Recognising that this project had significant potential beyond research, Sizaire worked with Dr. Gençer and fellow MIT student Jim Owens to spin out Sesame Sustainability, a startup dedicated to transforming how industries approach decarbonisation planning.
Spinning out Sesame Sustainability
Sesame Sustainability takes the modeling capabilities of SESAME’s original software and turns it into an intuitive tool that companies can use to decarbonise complex supply chains.
It’s built to solve one of the energy transition’s biggest challenges: With often billion-dollar assets that have exceedingly complex operational parameters, organisations must conduct vast amounts of research before they can take any tangible action. Without an efficient way to understand which technological pathways can meaningfully reduce emissions while remaining economically viable, any major change can take months to years to implement.
By modelling both emissions and economic trade-offs across a range of technology pathways, Sesame Sustainability’s software allows organisations to run high-fidelity assessments in a matter of weeks instead of spending months to years on traditional engineering feasibility studies.
Tailor-fitting his earlier optimisation algorithms, Sizaire has powered the platform with models that clearly simulate the operation of industrial assets when powered with variable renewable electricity — ultimately optimising their capacity and deployment.
However, what proved to be a challenge was making these models usable and the data-rich results readable by non-technical stakeholders. To this end, Sizaire taught himself Figma and designed an intuitive user interface that allows users to easily interact with the underlying optimisation model, get digestible results for their specific configuration, and immediately see their potential impact on emissions and costs — successfully abstracting the complexity of energy systems without sacrificing analytical depth.

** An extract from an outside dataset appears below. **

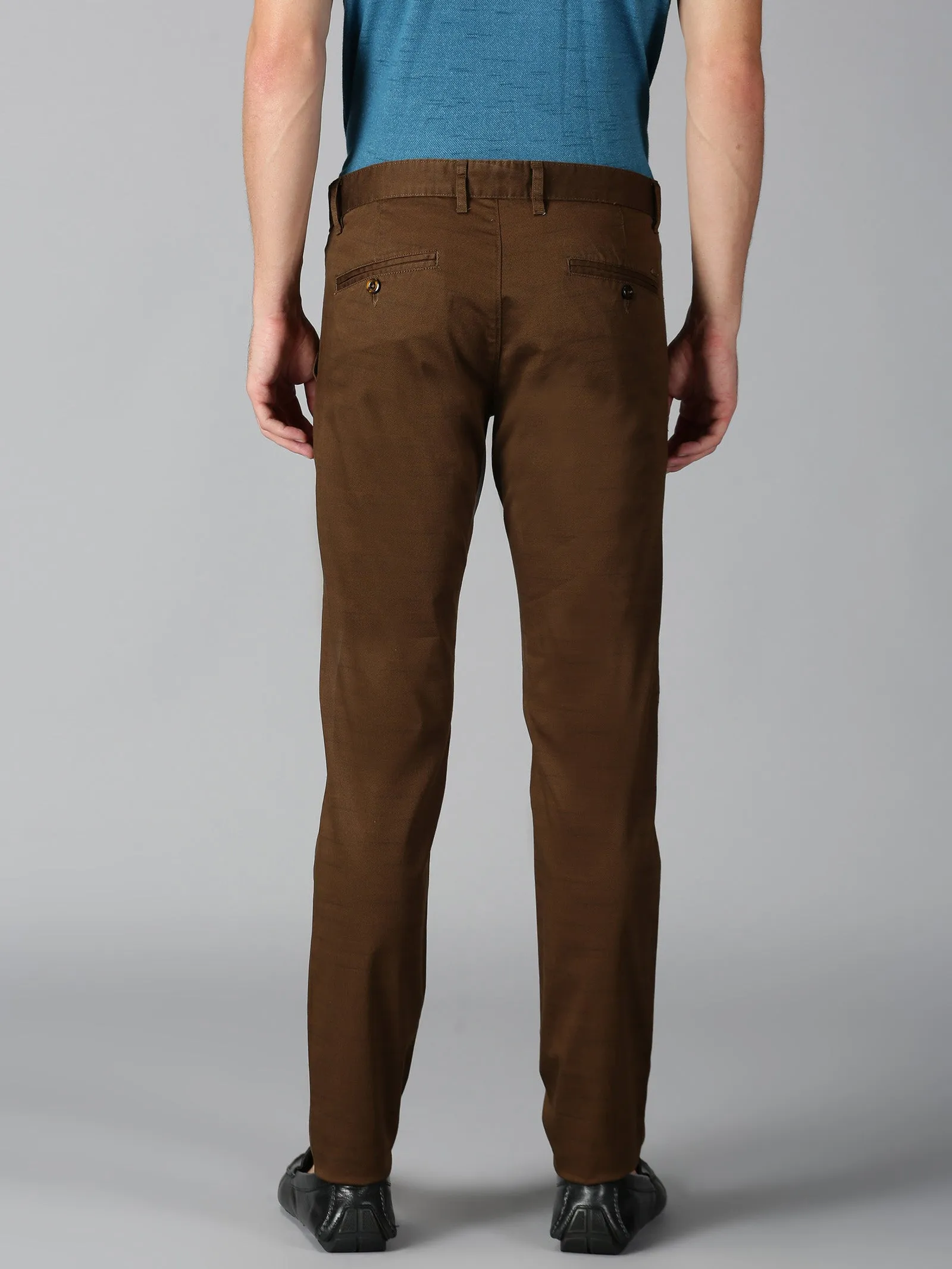 MEN'S DK BROWN PRINT SLIM FIT TROUSER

“I am particularly proud of Sesame’s user experience because we represent very complex processes in a streamlined way without compromising on granularity and detail,” Sizaire says. “It’s what we hope will be the democratisation of decarbonisation assessments.”
With clearer data and a powerful, intuitive modelling framework, Sesame Sustainability is empowering companies to align around consistent insights, efficiently plan sustainability initiatives, and move faster toward cleaner technologies. In just its first year, it raised a $2.4M seed round from investors like Flybridge and Powerhouse Ventures, attracting clients like industry leaders Chevron and JERA (one of Japan’s largest power generation companies) — both of which are already using the platform to evaluate emissions-reduction strategies across their operations.

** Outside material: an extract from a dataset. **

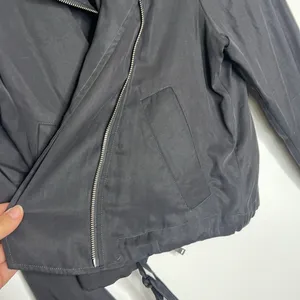 Abercrombie & Fitch Gray Drape Moto Cargo Utility bomber Jacket thumbnail 5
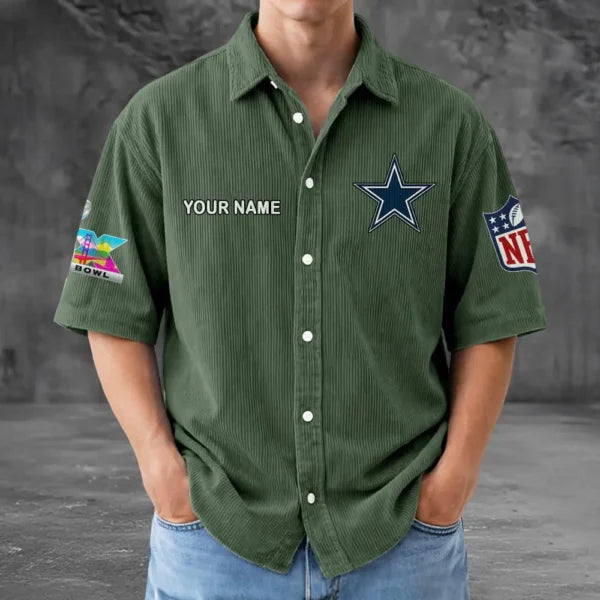 [SPECIAL OFFER] NEW CUSTOMIZED NFL21 DCB DALLAS COWBOYS SEERSUCKER BUTTON SHIRT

A London-born vision with global ambition
From his studies at Imperial to leading global decarbonisation at Sesame Sustainability, Paul Sizaire has refined his vision to a specific goal: accelerating the world’s path to net zero.

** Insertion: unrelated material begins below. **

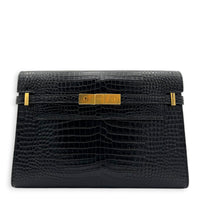 Manhattan Shoulder Bag Black in Crocodile Embossed Calfskin, Gold hardware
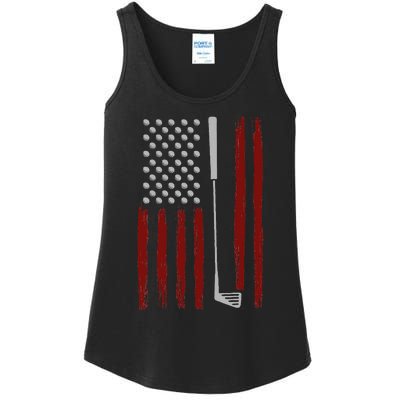 Retro American Flag Golf Gift For Golfer Ladies Essential Tank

His work at Sesame is going a long way toward meeting this goal. By transforming obtuse academic research into real-world insights that power practical planning, he’s helping make decarbonisation an achievable mission at a critical moment, as industrial companies face growing pressure to reduce emissions while maintaining economic viability. In reducing months of engineering studies to weeks of interactive planning, Sizaire and his team are removing one of the most persistent bottlenecks in the energy transition.
And in a climate crisis where time is as precious as the solutions themselves, his work to expedite industrial decarbonisation may prove to be just as vital as the renewable technologies these industries will eventually deploy.